Si, incontestablement, un mouvement mondial et local de transition écologique et énergétique
a bel et bien été lancé il y a quelques années déjà, en est-il autant du mouvement de transformation écologique et énergétique
? Et pourtant y a-t-il d'autre solution que de se transporter du premier au second ? N'ayons pas peur des mots. Alors, on transite ou on (se) transforme ? ■
Crédits. Image du haut : Réservoir d'eau à sec, Sau, Barcelone, mars 2023, crédit Emilio Morenatti, AFG, Spain environment agriculture. Image du bas : Plage de Saint-Guimmond, algues vertes, baie d'Hillion, Côtes d'Armor, Bretagne, juin 2023.

Pour aller plus loin
Fressoz J.-B. (2024), Sans transition, Une nouvelle histoire de l'énergie, Seuil, 416 p.
Extraits :
Le réchauffement est une tragédie de l'abondance et non de la rareté, une tragédie d'autant plus inextricable et injuste que ses victimes n'en sont pas généralement responsables. Lutter contre le réchauffement implique de réaliser par pure volonté, et en un temps extraordinairement bref, une transformation sans précédent du monde matériel. Prétendre que "l'innovation" − qu'elle soit incrémentale, granulaire, verte, frugale, sociale ou de rupture − est à la hauteur de ce défi inouï est une théorie encore plus fumeuse que les chandelles du XVIIIè siècle.
(pages 53-54)
La transition est l'idéologie du capital au XXIè siècle. Grâce à elle, le mal devient le remède, les industries polluantes des industries vertes en devenir, et l'innovation notre bouée de sauvetage. Grâce à la transition, le capital se retrouve du bon côté de la lutte climatique. Grâce à la transition, on parle de trajectoires à 2100, de voitures électriques et d'avions à hydrogène plutôt que de niveau de consommation matérielle et de répartition. Des solutions très complexes dans le futur empêchent de faire des choses simples maintenant.
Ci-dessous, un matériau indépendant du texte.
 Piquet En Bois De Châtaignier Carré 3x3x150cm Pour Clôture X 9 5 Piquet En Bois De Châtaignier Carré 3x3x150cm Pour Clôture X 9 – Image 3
La puissance de séduction de la transition est immense : nous avons tous besoin de basculements futurs pour justifier la procrastination présente. L'histoire de la transition et le sentiment troublant de déjà-vu qu'elle engendre doivent nous mettre en garde : il ne faudrait pas que les promesses technologiques d'abondance matérielle sans carbone se répètent encore et encore, et que, après avoir franchi le cap des 2°C dans la seconde moitié de ce siècle, elles nous accompagnent tout aussi sûrement vers des périls plus importants.